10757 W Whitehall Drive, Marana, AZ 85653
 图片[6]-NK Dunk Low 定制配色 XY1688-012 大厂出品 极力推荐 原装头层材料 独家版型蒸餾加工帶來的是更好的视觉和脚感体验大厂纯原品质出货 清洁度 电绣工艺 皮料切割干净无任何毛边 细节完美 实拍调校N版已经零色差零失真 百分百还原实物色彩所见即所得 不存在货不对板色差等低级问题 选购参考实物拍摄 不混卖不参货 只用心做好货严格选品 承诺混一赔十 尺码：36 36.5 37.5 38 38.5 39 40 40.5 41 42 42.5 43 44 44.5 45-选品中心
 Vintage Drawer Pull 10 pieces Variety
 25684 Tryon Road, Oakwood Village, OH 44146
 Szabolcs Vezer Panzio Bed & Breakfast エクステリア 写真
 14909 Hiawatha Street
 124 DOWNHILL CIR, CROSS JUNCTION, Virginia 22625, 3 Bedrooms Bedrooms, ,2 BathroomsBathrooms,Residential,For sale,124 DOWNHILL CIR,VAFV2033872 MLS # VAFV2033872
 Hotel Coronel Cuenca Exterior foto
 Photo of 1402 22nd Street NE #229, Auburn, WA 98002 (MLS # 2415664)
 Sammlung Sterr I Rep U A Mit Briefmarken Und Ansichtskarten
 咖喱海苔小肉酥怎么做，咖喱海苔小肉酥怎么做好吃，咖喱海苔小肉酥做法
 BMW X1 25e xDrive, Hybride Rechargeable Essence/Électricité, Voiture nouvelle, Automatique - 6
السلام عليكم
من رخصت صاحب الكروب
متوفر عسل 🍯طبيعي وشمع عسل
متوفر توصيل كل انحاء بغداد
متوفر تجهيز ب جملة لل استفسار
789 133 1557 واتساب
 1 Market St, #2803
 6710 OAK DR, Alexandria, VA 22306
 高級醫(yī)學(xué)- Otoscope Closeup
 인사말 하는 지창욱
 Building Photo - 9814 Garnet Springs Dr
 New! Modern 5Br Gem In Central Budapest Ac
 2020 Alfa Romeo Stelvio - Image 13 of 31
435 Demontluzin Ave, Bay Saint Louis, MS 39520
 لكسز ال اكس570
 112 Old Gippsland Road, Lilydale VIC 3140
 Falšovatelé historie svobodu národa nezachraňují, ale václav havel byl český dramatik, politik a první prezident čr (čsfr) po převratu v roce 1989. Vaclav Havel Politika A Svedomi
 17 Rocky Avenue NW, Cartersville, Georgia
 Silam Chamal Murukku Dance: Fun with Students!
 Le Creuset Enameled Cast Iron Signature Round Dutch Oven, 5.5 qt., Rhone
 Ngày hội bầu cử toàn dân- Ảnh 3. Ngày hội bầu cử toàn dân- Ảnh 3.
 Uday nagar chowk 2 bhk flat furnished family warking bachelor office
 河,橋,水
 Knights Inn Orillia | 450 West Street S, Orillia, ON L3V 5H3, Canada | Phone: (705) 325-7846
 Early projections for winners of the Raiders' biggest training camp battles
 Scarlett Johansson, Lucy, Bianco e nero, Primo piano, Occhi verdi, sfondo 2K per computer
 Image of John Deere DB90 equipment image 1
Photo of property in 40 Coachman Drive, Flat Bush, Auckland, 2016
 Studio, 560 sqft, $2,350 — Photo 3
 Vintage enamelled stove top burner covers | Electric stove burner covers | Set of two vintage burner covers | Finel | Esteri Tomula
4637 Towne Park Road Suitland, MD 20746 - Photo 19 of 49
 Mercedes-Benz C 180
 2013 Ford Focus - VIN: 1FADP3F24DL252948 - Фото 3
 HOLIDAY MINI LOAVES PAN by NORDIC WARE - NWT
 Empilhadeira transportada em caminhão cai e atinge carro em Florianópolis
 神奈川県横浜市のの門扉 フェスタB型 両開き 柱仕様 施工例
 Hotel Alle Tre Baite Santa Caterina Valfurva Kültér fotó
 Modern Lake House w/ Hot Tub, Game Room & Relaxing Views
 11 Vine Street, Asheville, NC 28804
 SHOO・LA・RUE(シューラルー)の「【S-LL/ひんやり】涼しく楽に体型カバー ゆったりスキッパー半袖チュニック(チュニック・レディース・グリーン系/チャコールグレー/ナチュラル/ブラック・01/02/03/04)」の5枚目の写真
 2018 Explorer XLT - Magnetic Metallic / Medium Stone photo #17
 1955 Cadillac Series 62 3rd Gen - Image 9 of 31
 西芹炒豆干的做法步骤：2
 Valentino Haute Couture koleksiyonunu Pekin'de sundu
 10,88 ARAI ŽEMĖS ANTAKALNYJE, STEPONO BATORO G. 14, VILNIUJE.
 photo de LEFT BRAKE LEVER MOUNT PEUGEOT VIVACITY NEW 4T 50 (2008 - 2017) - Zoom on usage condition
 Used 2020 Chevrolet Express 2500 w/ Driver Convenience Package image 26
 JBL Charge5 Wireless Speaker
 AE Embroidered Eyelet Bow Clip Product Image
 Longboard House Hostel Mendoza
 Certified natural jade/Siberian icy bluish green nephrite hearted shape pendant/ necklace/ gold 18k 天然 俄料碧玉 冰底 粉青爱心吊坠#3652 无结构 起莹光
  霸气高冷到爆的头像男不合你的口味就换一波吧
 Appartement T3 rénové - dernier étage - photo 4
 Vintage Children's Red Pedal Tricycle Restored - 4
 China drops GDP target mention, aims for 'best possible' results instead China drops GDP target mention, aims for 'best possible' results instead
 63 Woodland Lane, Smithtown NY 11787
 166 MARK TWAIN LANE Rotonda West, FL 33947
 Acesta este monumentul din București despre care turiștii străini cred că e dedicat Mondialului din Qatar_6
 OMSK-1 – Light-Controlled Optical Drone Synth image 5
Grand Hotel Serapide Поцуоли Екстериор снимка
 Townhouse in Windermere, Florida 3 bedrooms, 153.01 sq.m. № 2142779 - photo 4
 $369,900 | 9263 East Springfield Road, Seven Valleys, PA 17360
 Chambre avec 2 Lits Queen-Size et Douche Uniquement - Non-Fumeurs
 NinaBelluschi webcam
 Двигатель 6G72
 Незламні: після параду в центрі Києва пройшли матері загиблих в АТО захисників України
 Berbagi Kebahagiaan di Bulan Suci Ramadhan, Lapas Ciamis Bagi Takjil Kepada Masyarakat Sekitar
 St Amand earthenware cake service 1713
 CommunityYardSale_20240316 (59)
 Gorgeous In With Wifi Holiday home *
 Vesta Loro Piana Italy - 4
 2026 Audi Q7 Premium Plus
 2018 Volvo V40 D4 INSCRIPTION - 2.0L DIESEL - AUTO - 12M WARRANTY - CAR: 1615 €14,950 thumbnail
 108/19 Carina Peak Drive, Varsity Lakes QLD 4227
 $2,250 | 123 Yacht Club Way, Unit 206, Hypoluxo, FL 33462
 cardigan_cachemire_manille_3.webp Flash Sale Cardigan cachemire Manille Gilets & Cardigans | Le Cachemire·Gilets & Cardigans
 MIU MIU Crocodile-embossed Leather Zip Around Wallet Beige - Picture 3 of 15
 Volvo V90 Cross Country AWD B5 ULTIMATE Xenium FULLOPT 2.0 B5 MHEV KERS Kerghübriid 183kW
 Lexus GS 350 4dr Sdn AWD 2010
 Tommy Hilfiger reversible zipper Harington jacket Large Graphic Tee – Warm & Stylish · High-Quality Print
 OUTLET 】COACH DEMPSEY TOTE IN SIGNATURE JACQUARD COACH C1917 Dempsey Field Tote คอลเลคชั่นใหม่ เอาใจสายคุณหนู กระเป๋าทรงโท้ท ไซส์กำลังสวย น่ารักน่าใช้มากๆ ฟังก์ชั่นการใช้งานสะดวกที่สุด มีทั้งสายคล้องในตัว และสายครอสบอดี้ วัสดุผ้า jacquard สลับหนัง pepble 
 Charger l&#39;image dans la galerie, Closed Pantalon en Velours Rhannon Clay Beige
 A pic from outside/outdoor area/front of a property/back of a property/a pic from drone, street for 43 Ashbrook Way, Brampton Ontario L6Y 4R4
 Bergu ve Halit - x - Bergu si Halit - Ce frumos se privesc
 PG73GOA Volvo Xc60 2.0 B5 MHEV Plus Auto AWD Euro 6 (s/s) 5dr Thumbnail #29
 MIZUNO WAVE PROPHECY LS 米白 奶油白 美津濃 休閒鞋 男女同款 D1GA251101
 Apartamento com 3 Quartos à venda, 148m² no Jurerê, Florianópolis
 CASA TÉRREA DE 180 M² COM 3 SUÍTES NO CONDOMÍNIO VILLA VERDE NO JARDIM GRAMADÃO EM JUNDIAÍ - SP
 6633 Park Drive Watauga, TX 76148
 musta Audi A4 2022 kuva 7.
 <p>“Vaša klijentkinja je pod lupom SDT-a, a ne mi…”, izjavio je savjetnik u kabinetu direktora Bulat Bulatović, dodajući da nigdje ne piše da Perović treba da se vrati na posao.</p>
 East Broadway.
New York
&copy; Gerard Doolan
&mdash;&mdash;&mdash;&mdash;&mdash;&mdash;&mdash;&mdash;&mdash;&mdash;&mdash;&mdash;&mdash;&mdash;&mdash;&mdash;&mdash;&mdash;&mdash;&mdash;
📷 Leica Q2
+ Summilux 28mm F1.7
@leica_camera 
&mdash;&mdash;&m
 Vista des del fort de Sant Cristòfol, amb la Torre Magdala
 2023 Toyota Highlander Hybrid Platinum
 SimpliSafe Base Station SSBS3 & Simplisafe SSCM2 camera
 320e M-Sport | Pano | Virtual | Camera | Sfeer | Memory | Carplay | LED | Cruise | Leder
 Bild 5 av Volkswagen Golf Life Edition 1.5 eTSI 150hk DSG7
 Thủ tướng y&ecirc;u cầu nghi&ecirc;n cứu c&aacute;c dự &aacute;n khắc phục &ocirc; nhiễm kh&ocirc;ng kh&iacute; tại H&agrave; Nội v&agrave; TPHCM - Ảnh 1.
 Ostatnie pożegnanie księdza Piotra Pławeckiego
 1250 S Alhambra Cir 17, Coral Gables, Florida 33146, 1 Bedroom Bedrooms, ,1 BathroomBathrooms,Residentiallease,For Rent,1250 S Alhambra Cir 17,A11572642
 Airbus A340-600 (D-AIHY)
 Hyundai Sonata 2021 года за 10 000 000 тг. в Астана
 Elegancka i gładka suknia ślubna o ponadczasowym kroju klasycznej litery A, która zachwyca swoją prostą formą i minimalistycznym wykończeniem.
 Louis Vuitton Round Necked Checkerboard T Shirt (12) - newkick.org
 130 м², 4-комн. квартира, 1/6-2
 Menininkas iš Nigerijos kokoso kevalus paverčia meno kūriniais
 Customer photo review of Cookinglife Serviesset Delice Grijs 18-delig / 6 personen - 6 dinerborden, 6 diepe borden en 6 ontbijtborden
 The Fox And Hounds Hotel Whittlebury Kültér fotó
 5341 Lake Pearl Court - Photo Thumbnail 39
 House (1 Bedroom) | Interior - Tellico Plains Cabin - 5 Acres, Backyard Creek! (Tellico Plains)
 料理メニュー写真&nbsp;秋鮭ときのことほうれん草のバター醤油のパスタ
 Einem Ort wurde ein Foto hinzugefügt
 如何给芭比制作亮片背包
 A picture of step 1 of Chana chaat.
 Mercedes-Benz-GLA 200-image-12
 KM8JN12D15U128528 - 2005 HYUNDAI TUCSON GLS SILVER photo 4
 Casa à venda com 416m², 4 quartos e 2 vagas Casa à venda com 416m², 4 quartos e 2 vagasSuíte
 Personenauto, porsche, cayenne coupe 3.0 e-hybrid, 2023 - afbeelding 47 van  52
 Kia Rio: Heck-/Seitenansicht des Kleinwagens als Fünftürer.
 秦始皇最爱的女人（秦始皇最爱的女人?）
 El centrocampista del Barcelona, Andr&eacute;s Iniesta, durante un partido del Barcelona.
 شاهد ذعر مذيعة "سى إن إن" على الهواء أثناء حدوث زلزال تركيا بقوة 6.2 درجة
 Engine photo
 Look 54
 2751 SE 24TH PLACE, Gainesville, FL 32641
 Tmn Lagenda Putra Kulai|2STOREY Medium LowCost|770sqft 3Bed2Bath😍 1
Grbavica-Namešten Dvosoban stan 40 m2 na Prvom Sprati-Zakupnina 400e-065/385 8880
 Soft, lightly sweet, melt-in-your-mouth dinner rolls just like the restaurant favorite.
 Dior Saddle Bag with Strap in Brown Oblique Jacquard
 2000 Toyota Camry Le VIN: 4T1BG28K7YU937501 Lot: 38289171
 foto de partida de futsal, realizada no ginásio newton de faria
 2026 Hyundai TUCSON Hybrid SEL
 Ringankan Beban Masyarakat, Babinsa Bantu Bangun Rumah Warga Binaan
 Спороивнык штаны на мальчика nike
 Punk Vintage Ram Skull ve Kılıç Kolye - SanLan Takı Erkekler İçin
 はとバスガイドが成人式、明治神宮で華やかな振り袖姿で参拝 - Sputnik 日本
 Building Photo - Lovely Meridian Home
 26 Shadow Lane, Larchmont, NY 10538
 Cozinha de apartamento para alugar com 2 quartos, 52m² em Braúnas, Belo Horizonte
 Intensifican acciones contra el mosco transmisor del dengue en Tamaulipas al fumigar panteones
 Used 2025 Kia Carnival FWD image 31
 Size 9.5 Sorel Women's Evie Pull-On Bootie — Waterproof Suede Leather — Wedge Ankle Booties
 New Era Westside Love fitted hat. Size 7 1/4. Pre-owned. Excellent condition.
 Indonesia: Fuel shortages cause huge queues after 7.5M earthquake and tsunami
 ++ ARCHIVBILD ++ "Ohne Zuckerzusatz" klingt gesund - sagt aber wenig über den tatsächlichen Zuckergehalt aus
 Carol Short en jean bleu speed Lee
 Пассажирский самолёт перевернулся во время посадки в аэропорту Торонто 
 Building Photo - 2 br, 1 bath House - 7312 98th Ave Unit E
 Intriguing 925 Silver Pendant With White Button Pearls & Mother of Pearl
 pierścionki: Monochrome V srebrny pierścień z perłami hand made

--

Work to be completed |
Of the entries above, repeat exactly the lines from the line with "霸气高冷到爆的头像男不合你的口味就换一波吧" through the line with "Hypoluxo, FL 33462", both of them included.

Exercise output |
  霸气高冷到爆的头像男不合你的口味就换一波吧
 Appartement T3 rénové - dernier étage - photo 4
 Vintage Children's Red Pedal Tricycle Restored - 4
 China drops GDP target mention, aims for 'best possible' results instead China drops GDP target mention, aims for 'best possible' results instead
 63 Woodland Lane, Smithtown NY 11787
 166 MARK TWAIN LANE Rotonda West, FL 33947
 Acesta este monumentul din București despre care turiștii străini cred că e dedicat Mondialului din Qatar_6
 OMSK-1 – Light-Controlled Optical Drone Synth image 5
Grand Hotel Serapide Поцуоли Екстериор снимка
 Townhouse in Windermere, Florida 3 bedrooms, 153.01 sq.m. № 2142779 - photo 4
 $369,900 | 9263 East Springfield Road, Seven Valleys, PA 17360
 Chambre avec 2 Lits Queen-Size et Douche Uniquement - Non-Fumeurs
 NinaBelluschi webcam
 Двигатель 6G72
 Незламні: після параду в центрі Києва пройшли матері загиблих в АТО захисників України
 Berbagi Kebahagiaan di Bulan Suci Ramadhan, Lapas Ciamis Bagi Takjil Kepada Masyarakat Sekitar
 St Amand earthenware cake service 1713
 CommunityYardSale_20240316 (59)
 Gorgeous In With Wifi Holiday home *
 Vesta Loro Piana Italy - 4
 2026 Audi Q7 Premium Plus
 2018 Volvo V40 D4 INSCRIPTION - 2.0L DIESEL - AUTO - 12M WARRANTY - CAR: 1615 €14,950 thumbnail
 108/19 Carina Peak Drive, Varsity Lakes QLD 4227
 $2,250 | 123 Yacht Club Way, Unit 206, Hypoluxo, FL 33462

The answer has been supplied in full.